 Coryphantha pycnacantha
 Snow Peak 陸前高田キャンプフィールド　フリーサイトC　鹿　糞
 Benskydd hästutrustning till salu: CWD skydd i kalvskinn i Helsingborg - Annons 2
* * *
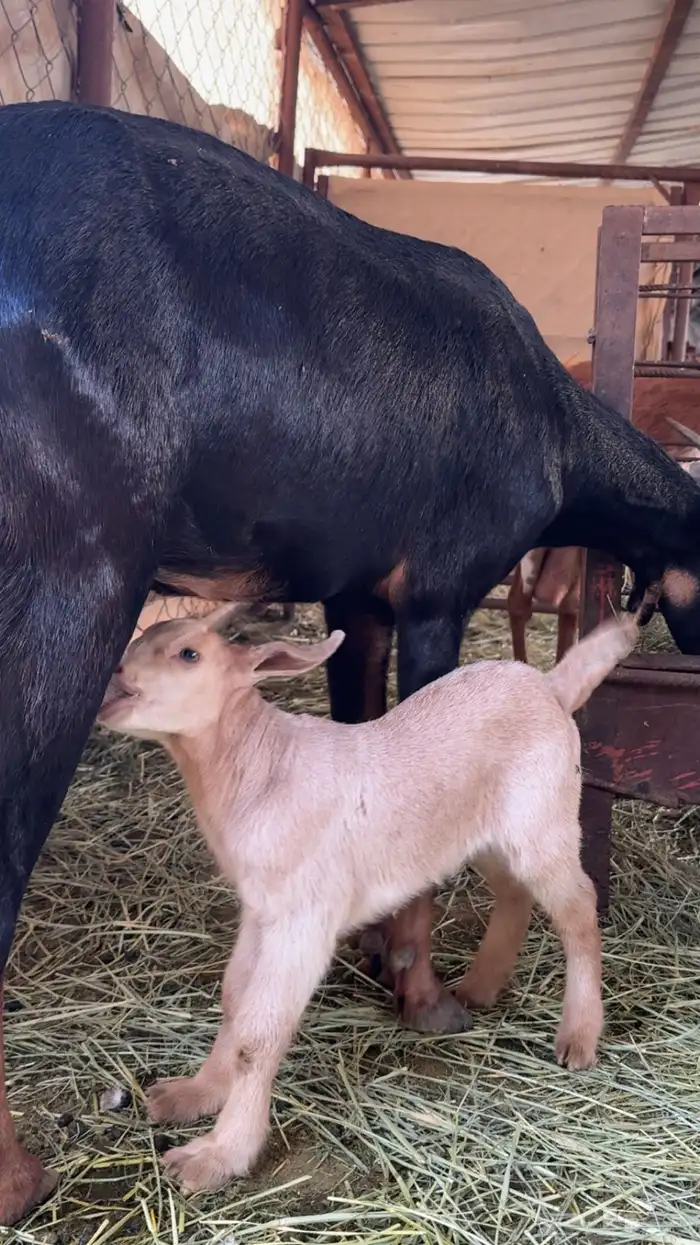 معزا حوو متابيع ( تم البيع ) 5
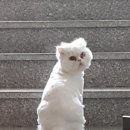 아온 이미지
* * *
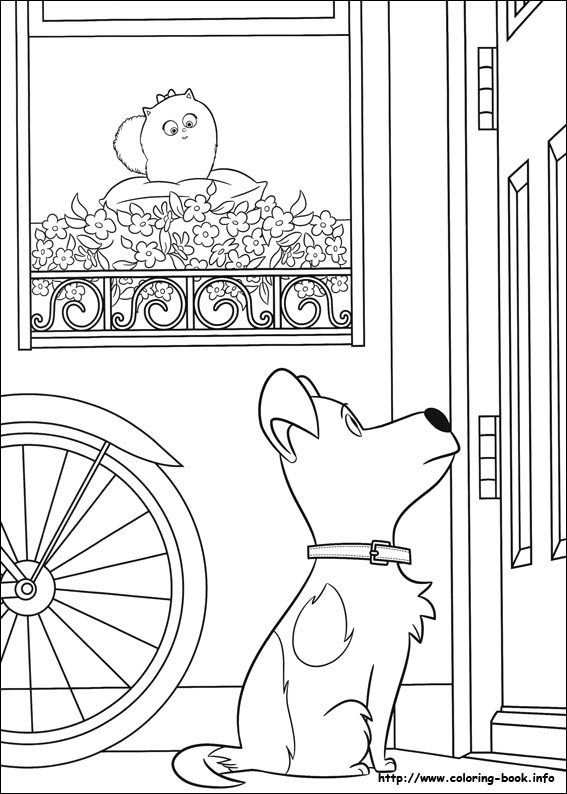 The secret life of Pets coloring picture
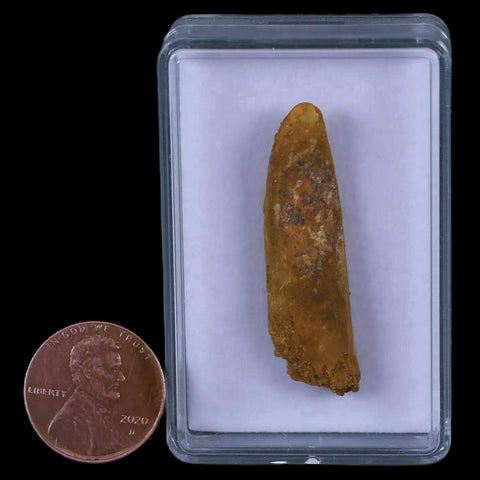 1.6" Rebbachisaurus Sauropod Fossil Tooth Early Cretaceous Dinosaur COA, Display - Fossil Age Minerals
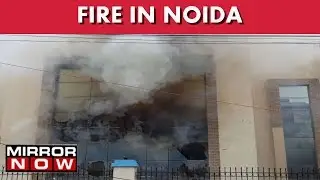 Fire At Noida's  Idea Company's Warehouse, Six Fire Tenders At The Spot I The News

**Exercise instructions**.
Only the lines from the one containing "Snow Peak 陸前高田キャンプフィールド　フリーサイトC　鹿　糞" through the one containing "Benskydd hästutrustning till" are to be retyped, both boundary lines included, with no other material.

**Task answer**.
 Snow Peak 陸前高田キャンプフィールド　フリーサイトC　鹿　糞
 Benskydd hästutrustning till salu: CWD skydd i kalvskinn i Helsingborg - Annons 2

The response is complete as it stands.